Natural Language Processing

Wed Sep 20, 2023 [Sun Oct 8, 2023]

Introduction #

NLP is hard
- Ambiguity of language
- Most words only occur once in a large text corpus (Frequency \(\propto \frac{1}{Rank}\))

RegEx #

Disjunction: [wW] matches w or W
Disjunction operator (pipe): /cat|dog/ matches either “cat” or “dog”
Specify a range. [A-Z]: uppercase, [a-z], [0-9]
/[^Ss]/ matches any character except S or s. Only works if caret at start. /a^b/ matches a^b.
?: preceding character or nothing e.g. /colou?r/ for color or colour.
Kleene: /[0-9][0-9]*/ or /[0-9]+/ matches any integer
Wildcard (.): /beg.n/ matches both begin and begun

Terminology #

Words: distinct tokens in corpus (text), vocabulary V, size |V|
Tokens: total words in text
Herdan’s Law: Relation between N and |V|: \[|V| = kN^\beta\]
- \(0 < \beta < 1\): for large corpus between 0.67 and 0.75

Minimum Edit Distance #

Min # of edit operations (insert, delete, subs) to transform one string to another.
Levenshtein distance assigns weights to operations e.g. substitution has a cost of 2 (1 insert, 1 delete)
Let \(D[i, j]\) be edit distance between \(X[1…i]\) and \(Y[1…j]\)

\[D[i, j] = min(D[i-1,j]+\text{del-cost}(\text{source}[i]), \\ D[i,j-1]+\text{ins-cost}(\text{target}[j]),\\ D[i-1,j-1]+\text{sub-cost}(\text{source}[i], \text{target}[j]) \]

N-gram Models #

\[P(\text{that} | \text{water so transparent}) = \frac{C(\text{water so transparent that})}{C(\text{water so transparent})}\]

Chain rule of probability on words: \[ P(w_{1:n} = \Pi_kP(w_k|w_{1:k-1})\]
- Markov assumption: \(P(w_n | w_{1:n-1}) \approx P(w_n|w_{n-1})\)
- N-grams: \(P(w_n | w_{1:n-1}) \approx P(w_n|w_{n-N+1: n-1})\)
\[P(w_n|w_{n-1}) = \frac{C(w_{n-1}w_n)}{\sum_wC(w_{n-1}w)} = \frac{C(w_{n-1}w_n)}{C(w_{n-1})}\]
Out of vocabulary (OOV) words: replaced with <UNK>

Perplexity #

\[PP(W) = \left(\frac{1}{P(w_1w_2\cdots w_N)}\right)^{1/N}\] Lower is better

Smoothing #

Dealing with unseen events with zero counts/probabilities

Laplace Smoothing #

\[P_{\text{Laplace}}(w_i) = \frac{c_i + 1}{N+V}\] \[P_{\text{Laplace}}(w_n|w_{n-1}) = \frac{c(w_{n-1}w) + 1}{c(w_{n-1}+V}\] Can view smoothing as discounting i.e. shaving off non-zero counts and giving that to zero counts.

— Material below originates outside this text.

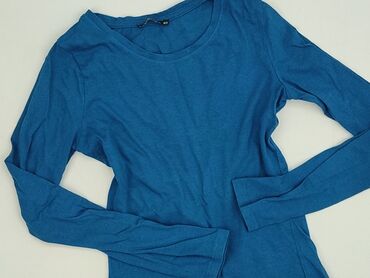 Terranova, T-shirt damski, rozmiar XS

Discount \(d_c = \frac{c^*}{c}\) Where \(c_i^*\) is the adjusted count that shows how the numerator changes in the original estimate \(c_i/N\). The normalisation factor \(N/(N+V)\) is multiplied to get \(c_i^* = (c_i + 1) \frac{N}{N+V}\).

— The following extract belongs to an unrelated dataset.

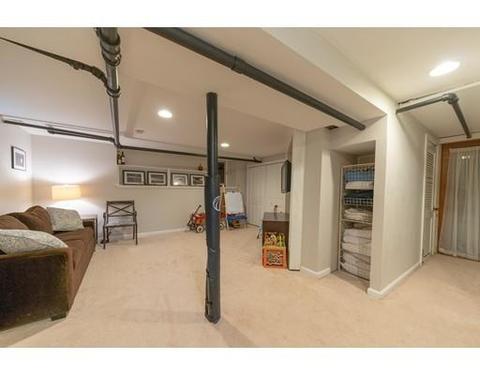 159 Warwick Rd, Melrose, MA 02176 photo 22
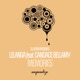Memories feat Candace Bellamy EP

Too much of the probability mass is moved to all the zeroes. This reduces the probability of the actually highly occuring words a lot.
Can be fixed by adding only a fraction k < 1 instead of 1

Add-k smoothing #

\[P_{\text{Add-k}} = \frac{C(w_{n-1}w_n) + k}{C(w_n) + kV}\]

Backoff and Interpolation #

In backoff, we use the trigram if the evidence is sufficient, otherwise we use the bigram, otherwise the unigram. In other words, we only “back off” to a lower-order n-gram if we have zero evidence for a higher-order n-gram.
By contrast, in interpolation, we always mix the probability estimates from all the n-gram estimators, weighting and combining the trigram, bigram, and unigram counts.
- \[P(w_n|w_{n-2}w_{n-1}) = \lambda_1P(w_n)+\lambda_2P(w_n|w_{n-1})+\lambda_3P(w_n|w_{n-2}w_{n-1})\]

Sentiment Analysis #

Text Classification #

Input: document \(d\), set of classes \(C = {c_1\cdots c_j}\) Output: predicted class \(c \in C\)

Naive Bayes #

Bayes’ Rule: \[P(c|d) = \frac{P(d|c)P( c)}{P(d)}\] \[c_{MAP} = \argmax_{c \in C} P(c|d) = \argmax_{c \in C}P(d|c)P( c)\] Represent \(d = (x_1\cdots x_n) \). But, this means there are \(\mathcal{O}(|X|^n\cdot |C|)\) parameters. Can be estimated only if large number of training examples.

Naive Bayes: count relative frequencies.

Bag of words assumption: position doesn’t matter
Conditional independence: \(x_i \perp x_j | c\):
- \[P(x_1\cdots x_n | c) = P(x_1 | c) P(x_2|c) \cdots P(x_n | c)\]
Everything is done in log space to avoid floating point underflow.

Estimating by Counting #

MLE using frequencies: \[\hat{P}(w_i|c_j) = \frac{\text{count}(w_i, c_j)}{\sum_{w \in V}\text{count}(w, c_j)}\]

Logistic Regression #

Baseline supervised learning algorithm for classification: a neural network can be viewed as a series of logistic regression classifiers stacked on top of each other.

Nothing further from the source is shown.